Habis ngaji, saya pergi ke pengajian ustazah. Tp hanya bisa berdiri melihat dari luar jendela berkawat krn saya bukan murid resmi. Sy lihat di sana diajari kitab Babul.Minan yaitu kitab bertuliskan Arab melayu tentang rukun Islam. Esoknya saya minta Emak sy mengajariku kitab yg sama. Sehingga, setelah ngaji TURUTAN lalu dlanjut dg BABUL MINAN.
Alhamdulillah dg bekal diajari kitab bertulis arab melayu itu, saya bisa berkomunikasi kepada Emak saya melalui surat yg saya tulis dengan bahasa Arab Melayu, saat saya kuliah.di Makkah Arab Saudi.

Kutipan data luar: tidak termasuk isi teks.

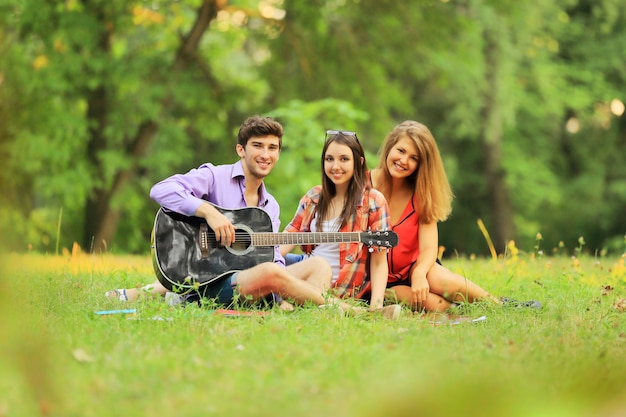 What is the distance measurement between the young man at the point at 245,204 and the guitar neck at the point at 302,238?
5.5 inches

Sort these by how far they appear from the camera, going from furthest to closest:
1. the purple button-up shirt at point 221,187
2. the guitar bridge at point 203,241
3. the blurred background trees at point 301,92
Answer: the blurred background trees at point 301,92 → the purple button-up shirt at point 221,187 → the guitar bridge at point 203,241

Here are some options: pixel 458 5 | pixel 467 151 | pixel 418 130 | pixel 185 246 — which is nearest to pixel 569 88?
pixel 467 151

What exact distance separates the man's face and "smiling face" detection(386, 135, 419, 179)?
31.4 inches

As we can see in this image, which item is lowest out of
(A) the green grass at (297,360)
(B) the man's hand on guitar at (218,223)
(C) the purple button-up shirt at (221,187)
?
(A) the green grass at (297,360)

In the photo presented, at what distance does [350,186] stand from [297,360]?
2.07 meters

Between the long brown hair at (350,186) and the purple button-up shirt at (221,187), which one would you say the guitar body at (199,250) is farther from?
the long brown hair at (350,186)

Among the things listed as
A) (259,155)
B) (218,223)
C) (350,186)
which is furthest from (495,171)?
(218,223)

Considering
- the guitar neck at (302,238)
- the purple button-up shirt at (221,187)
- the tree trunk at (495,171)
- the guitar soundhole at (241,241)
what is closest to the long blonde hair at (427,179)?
the guitar neck at (302,238)

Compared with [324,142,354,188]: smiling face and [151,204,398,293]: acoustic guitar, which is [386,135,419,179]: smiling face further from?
[151,204,398,293]: acoustic guitar

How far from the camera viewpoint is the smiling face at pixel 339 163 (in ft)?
16.9

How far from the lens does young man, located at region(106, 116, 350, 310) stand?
15.6 ft

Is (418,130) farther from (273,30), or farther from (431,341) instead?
(273,30)

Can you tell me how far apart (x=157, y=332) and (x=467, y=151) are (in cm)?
1636

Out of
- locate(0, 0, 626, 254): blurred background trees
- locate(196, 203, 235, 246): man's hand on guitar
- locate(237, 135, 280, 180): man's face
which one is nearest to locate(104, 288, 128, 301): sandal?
locate(196, 203, 235, 246): man's hand on guitar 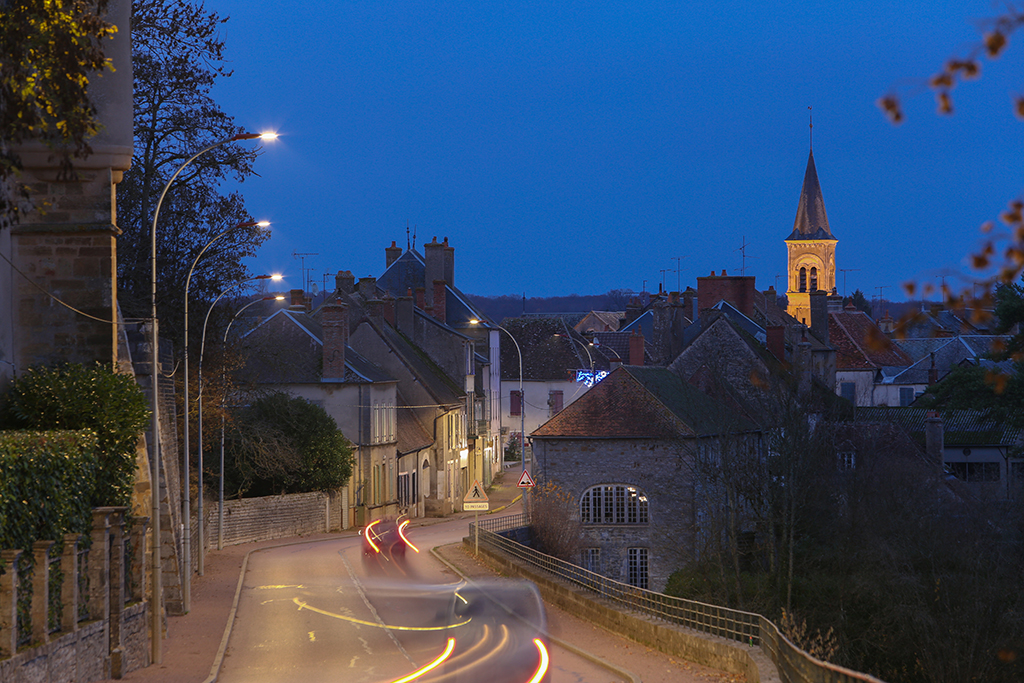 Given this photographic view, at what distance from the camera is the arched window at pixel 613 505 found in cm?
4184

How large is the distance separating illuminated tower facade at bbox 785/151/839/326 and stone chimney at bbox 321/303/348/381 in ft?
311

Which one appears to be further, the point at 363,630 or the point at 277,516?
the point at 277,516

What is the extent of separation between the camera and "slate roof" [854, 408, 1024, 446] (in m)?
59.1

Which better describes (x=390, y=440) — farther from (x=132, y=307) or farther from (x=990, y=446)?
(x=990, y=446)

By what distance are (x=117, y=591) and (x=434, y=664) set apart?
5217 mm

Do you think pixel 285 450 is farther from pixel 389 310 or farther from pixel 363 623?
pixel 363 623

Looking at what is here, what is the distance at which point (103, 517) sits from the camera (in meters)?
16.7

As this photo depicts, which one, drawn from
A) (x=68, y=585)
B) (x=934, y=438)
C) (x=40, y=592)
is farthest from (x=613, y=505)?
(x=40, y=592)

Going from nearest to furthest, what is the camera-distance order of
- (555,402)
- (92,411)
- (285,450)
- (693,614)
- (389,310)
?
(92,411), (693,614), (285,450), (389,310), (555,402)

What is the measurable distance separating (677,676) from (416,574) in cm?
1373

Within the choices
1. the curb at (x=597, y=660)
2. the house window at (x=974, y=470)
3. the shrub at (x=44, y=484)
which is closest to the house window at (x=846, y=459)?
the house window at (x=974, y=470)

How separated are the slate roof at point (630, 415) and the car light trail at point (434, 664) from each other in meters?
24.4

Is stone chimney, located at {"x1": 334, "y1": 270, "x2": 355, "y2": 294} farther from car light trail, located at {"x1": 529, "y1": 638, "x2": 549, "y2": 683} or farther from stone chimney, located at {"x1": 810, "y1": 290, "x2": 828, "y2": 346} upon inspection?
car light trail, located at {"x1": 529, "y1": 638, "x2": 549, "y2": 683}

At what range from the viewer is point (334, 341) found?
4650 cm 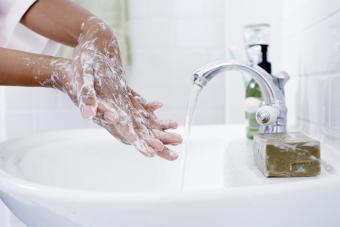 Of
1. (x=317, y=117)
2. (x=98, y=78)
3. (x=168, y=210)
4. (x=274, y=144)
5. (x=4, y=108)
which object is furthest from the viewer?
(x=4, y=108)

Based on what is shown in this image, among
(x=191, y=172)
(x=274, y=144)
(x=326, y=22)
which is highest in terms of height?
(x=326, y=22)

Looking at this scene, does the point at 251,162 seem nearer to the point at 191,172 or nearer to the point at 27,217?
the point at 191,172

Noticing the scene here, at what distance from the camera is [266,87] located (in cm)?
66

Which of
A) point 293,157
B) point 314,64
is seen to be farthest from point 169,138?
point 314,64

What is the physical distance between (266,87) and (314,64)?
0.39 ft

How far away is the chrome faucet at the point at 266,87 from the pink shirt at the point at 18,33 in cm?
38

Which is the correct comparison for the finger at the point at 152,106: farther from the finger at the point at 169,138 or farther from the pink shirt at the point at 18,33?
the pink shirt at the point at 18,33

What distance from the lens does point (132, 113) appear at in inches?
Result: 24.6

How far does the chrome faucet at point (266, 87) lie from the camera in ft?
2.01

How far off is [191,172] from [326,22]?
0.34m

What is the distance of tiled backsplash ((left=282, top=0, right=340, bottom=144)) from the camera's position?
613 mm

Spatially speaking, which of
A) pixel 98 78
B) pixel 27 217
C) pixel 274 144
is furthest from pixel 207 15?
pixel 27 217

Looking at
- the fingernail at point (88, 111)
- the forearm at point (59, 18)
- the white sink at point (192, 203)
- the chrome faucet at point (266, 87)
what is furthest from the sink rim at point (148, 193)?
the forearm at point (59, 18)

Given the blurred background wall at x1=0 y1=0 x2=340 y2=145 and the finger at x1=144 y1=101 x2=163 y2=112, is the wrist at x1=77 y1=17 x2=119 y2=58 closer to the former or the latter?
the finger at x1=144 y1=101 x2=163 y2=112
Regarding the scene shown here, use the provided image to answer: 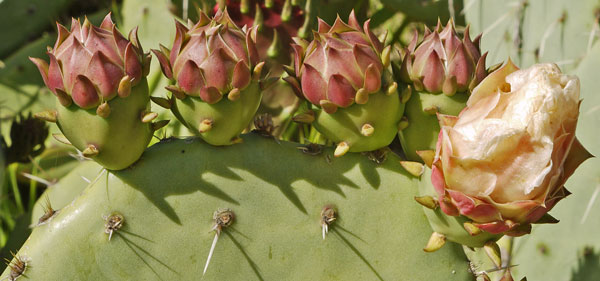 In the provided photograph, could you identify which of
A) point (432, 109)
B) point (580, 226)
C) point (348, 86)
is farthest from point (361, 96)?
point (580, 226)

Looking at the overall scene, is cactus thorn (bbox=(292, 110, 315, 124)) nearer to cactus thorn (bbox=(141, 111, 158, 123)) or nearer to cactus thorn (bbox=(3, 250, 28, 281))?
cactus thorn (bbox=(141, 111, 158, 123))

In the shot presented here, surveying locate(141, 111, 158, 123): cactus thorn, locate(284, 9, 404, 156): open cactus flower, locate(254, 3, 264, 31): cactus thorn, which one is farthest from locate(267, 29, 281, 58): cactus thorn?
locate(141, 111, 158, 123): cactus thorn

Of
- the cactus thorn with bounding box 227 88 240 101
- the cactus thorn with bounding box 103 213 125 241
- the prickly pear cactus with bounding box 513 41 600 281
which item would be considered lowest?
the prickly pear cactus with bounding box 513 41 600 281

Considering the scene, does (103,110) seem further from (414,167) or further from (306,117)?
(414,167)

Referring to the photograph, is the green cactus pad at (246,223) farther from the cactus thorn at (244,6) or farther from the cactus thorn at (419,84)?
the cactus thorn at (244,6)

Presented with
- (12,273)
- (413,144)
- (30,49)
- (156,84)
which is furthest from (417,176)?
(30,49)

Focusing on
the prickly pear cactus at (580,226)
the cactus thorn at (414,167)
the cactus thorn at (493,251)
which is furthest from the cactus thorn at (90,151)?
the prickly pear cactus at (580,226) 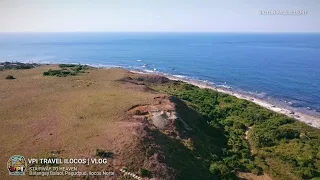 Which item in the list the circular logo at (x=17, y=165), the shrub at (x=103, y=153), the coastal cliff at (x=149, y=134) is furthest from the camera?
the coastal cliff at (x=149, y=134)

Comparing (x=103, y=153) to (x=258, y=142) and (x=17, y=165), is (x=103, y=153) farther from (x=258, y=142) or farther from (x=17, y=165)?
(x=258, y=142)

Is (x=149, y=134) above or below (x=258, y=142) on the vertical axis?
above

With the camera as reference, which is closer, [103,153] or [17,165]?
[17,165]

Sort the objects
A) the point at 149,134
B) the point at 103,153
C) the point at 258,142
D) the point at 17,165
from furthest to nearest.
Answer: the point at 258,142
the point at 149,134
the point at 103,153
the point at 17,165

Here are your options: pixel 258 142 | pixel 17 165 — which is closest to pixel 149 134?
pixel 17 165

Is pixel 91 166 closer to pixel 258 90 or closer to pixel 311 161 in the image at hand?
pixel 311 161

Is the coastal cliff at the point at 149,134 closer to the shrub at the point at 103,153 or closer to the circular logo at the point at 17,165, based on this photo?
the shrub at the point at 103,153

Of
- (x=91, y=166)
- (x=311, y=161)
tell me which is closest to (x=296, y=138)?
(x=311, y=161)

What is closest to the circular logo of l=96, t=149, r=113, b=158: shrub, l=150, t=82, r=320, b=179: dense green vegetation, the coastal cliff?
the coastal cliff

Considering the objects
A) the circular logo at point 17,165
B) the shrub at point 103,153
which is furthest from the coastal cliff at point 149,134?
the circular logo at point 17,165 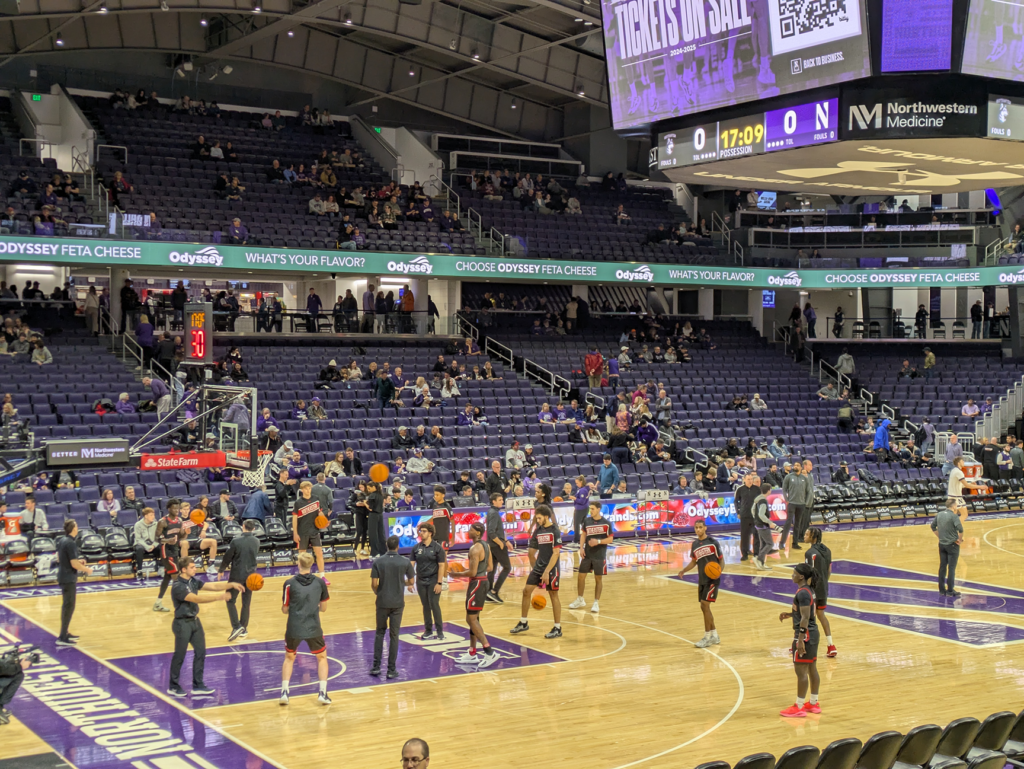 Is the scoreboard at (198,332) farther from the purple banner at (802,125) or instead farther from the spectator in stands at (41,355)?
the purple banner at (802,125)

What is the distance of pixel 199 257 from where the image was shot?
2877 centimetres

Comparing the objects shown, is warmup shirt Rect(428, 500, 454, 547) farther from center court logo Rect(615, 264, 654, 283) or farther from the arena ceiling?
center court logo Rect(615, 264, 654, 283)

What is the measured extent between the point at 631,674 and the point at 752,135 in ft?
20.3

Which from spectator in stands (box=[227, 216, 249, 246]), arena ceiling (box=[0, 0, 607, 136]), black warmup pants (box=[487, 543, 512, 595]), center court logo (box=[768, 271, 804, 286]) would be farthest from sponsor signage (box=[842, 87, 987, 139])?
center court logo (box=[768, 271, 804, 286])

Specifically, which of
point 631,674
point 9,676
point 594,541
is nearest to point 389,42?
point 594,541

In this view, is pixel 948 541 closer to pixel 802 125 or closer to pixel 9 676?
pixel 802 125

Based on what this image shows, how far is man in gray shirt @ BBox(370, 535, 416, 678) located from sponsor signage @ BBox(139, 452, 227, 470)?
2.17 m

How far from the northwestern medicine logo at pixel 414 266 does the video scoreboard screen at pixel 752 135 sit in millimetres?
19117

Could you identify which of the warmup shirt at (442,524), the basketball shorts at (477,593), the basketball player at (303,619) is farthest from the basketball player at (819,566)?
the warmup shirt at (442,524)

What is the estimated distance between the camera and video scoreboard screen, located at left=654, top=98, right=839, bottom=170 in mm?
11461

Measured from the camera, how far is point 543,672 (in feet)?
45.2

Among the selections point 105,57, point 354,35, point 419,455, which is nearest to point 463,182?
point 354,35

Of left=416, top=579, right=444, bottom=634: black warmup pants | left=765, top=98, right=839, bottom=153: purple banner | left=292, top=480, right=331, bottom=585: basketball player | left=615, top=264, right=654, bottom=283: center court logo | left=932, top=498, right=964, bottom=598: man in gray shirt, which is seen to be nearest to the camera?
left=765, top=98, right=839, bottom=153: purple banner

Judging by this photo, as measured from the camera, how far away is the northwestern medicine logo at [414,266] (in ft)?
105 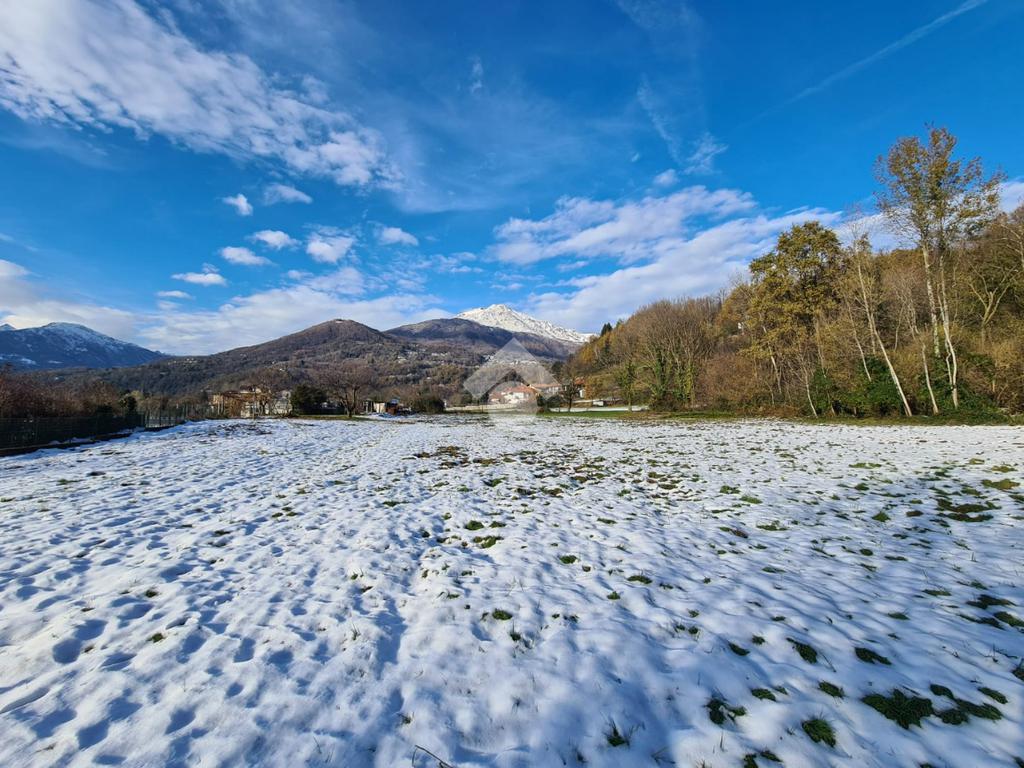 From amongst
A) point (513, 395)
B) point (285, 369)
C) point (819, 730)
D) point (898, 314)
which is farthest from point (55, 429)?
point (285, 369)

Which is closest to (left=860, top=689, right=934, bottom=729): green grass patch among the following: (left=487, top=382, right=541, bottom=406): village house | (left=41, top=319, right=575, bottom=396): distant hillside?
(left=487, top=382, right=541, bottom=406): village house

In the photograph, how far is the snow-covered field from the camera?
105 inches

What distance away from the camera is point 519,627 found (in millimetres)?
4105

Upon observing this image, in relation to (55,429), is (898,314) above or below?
above

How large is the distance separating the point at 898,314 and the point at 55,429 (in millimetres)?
44446

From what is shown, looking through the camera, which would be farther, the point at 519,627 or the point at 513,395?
the point at 513,395

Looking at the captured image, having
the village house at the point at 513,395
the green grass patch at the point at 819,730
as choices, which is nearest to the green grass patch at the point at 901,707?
the green grass patch at the point at 819,730

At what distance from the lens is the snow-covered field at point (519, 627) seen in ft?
8.78

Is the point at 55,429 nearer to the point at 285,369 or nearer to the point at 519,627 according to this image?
the point at 519,627

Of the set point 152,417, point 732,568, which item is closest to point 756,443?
point 732,568

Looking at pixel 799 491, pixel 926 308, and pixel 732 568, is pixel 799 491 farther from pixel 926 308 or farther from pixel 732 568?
pixel 926 308

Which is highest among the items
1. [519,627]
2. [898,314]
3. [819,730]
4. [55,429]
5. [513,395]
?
[898,314]

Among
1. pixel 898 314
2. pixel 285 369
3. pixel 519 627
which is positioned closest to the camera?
pixel 519 627

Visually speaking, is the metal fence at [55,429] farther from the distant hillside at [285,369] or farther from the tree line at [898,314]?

Karena Emak saya tidak bisa membaca tulisan latin dari kecil hingga wafatnya. Tapi kalau membaca buku yg bertuliskan Arab melayu, beliau bisa membacanya. Seperti kitab "Perukunan Melayu" berisi amalan dan doa2 harian.
Ketika tamat ngaji TURUTAN, saya meminta Emak saya agar mengdakan selamatan dengan nasi kuning. Karena itulah yg saya lihat di pengajian ustazah tempat teman2 saya mengaji. Emak pun mengabulkan.. Saya angkut sendiri nasi kuning yg diletakkan baskom besar ke musholla untuk didoakan.
Kini, setiap kali aku membaca Al-Quran, aku selalu ingat Emak ku. Dalam hati kecil ku memdoakan " Ya Allah, semoga setiap huruf dari Quran yg kubaca, pahalanya terkirim buat almarhumah Emak-ku. Aamiin"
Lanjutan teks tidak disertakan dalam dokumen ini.